Jane Longhurst (born November 6, 1971, died March 14, 2003) had been a special needs teacher and musician living in Brighton, England. Her partly decomposed body was found burning in woodland in West Sussex on 19 April. When arrested, Coutts, who was her best friend's partner, admitted causing her death. He had first hidden the body in a shed, then in an empty flat, and finally in a storage centre, where he had visited it nine times in a three-week period.

Murder trial

At his murder trial, Coutts confessed to a long-standing neck fetish and obsession with strangulation. His testimony, confirmed by other witnesses, stated that he had engaged in breath control play with several consenting partners on many occasions without incident over several years. He had spoken with his GP about his fixation and sought the help of a psychiatrist three years before the killing. Eventually, he started to access violent pornography on the Internet (especially simulated strangulation, rape and necrophilia).

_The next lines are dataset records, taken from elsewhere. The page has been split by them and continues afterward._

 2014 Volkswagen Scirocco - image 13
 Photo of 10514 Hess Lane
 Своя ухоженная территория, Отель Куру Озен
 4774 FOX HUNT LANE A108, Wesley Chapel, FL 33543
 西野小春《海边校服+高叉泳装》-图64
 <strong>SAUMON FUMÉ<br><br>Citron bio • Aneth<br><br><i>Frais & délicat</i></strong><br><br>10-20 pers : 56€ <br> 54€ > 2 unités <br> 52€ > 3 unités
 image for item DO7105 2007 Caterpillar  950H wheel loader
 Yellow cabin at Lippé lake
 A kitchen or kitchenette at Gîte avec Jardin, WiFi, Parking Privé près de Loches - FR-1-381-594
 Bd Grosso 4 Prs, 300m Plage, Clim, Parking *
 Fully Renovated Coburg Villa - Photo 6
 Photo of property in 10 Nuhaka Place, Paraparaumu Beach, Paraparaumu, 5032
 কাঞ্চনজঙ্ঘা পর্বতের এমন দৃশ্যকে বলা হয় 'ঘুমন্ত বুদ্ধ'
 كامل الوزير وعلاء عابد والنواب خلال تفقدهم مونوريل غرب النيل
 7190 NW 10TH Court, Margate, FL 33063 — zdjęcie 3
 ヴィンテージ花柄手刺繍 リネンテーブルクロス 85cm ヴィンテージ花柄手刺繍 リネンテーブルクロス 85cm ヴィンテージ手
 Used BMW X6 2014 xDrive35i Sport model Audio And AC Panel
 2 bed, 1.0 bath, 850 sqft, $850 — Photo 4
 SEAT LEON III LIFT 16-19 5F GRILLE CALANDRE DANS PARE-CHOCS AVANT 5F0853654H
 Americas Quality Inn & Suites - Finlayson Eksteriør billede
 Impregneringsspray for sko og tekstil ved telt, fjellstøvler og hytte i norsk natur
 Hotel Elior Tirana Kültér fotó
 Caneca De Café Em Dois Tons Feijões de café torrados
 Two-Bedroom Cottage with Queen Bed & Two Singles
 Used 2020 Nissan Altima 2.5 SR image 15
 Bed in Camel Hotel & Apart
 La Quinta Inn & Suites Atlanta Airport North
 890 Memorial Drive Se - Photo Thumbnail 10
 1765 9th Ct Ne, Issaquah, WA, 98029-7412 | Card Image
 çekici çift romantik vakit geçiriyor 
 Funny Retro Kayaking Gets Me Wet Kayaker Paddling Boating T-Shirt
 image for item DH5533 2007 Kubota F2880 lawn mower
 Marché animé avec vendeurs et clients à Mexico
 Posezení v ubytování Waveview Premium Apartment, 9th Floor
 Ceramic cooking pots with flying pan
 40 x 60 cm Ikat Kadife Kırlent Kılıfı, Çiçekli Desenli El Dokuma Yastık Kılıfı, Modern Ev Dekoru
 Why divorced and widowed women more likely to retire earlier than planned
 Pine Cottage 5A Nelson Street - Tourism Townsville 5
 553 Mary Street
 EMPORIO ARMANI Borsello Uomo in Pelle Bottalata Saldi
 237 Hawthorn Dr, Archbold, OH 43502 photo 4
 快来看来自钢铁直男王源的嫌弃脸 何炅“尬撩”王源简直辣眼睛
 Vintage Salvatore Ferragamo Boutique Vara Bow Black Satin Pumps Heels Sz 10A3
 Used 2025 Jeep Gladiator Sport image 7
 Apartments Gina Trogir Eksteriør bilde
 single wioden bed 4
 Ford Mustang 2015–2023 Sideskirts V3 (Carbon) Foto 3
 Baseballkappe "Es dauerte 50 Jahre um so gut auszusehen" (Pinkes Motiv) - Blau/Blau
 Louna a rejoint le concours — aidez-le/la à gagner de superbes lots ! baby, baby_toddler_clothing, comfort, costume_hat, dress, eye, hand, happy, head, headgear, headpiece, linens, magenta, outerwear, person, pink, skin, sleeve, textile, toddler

He had downloaded a collection of strangulation images the day before Jane's death. This, according to the prosecution, had caused his dangerous sexual behaviour and murderous intent. Critics of the prosecution's argument doubt this explanation, since the behaviour preceded the exposure to such pornography by about five years. No evidence of premeditation was presented to the jury.

Mr. Coutts testified that he wrapped a pair of nylon tights around Ms. Longhurst's neck as part of a consensual sexual practice known as erotic asphyxia, which he had undertaken on numerous previous occasions with several different partners. The prosecution claimed that he had invited her to his flat under false pretences, then attacked her.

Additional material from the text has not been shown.